PRESS RELEASE
SPACE FANG SPACE
Einar Thorsteinn
It is with great pleasure that Stalke Gallery opens the exhibition SPACE FANG SPACE by Einar Thorsteinn.
Thorsteinn (b. 1942, Reykjavik) has a formal education as an architect, and this domain’s pursuits within aesthetics and mathematics also characterize his career, although the way he has pursued these two areas is far from traditional. Thorsteinn has been a pioneer of experimental architecture, creating a dome-cube system, sustainable constructions, and ecological buildings. But while his work has had a practical outcome, much of his research has also been on the theoretical definition of space and how the human mind perceives reality.
These theoretical approaches have led Thorsteinn from architecture to art. But the developments within art and architecture over the past 30 years have also brought these two fields closer together, so that today it is not always easy to define where architecture stops and art begins. Whereas art may seem theoretical and opposed to the reality of architecture, Thorsteinn believes that reality is as plural as theory and that aesthetics are not only to be found in the visuality of art but also in the mathematics of architecture and geometry.
Thorsteinn has worked on a special area of geometry concerned with five-fold symmetry space, a new definition of geometric space. A symbol for five-fold symmetry space is the pentagon, the golden ratio, fractals, and fangs. The fang, which has lent its name to the title of the exhibition, is a new way of defining and understanding space. While traditional architecture is based on four-fold symmetry spaces with boxes and squares with right angles, in nature, crystals also grow in five-fold symmetry space. What a cube is to four-fold symmetry space, the fang is to five-fold symmetry space. The cube and the fang have two things in common which they share with no other: when packed together they form a compact mass with no gaps, and when divided or added in certain ways, they reproduce themselves, thus behaving like fractals.

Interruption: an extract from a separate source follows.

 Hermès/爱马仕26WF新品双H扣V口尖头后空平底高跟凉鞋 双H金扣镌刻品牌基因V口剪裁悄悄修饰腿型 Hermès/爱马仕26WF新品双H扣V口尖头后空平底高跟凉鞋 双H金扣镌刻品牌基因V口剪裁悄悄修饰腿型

With this exhibition, Thorsteinn asks the question: “Is it possible to find aesthetics in mathematics?” With the artworks exhibited, Thorsteinn presents a new way of defining five-fold symmetry space, a new way of constructing space in general. Thus, he wishes to point out that, as there are different ways of defining space, there are also multiple ways of defining reality, defining the world. Thorsteinn wishes to question the concept of reality and present alternative realities in an aesthetic form and wants the viewer to participate in this investigation, where the exhibition becomes the basis of a possible discussion rather than a conclusion. Man has created one way of defining space by four-fold symmetry, but it is only one definition of reality. The fang and five-fold symmetry presented here by Einar Thorsteinn may give us an entirely new way of perceiving reality.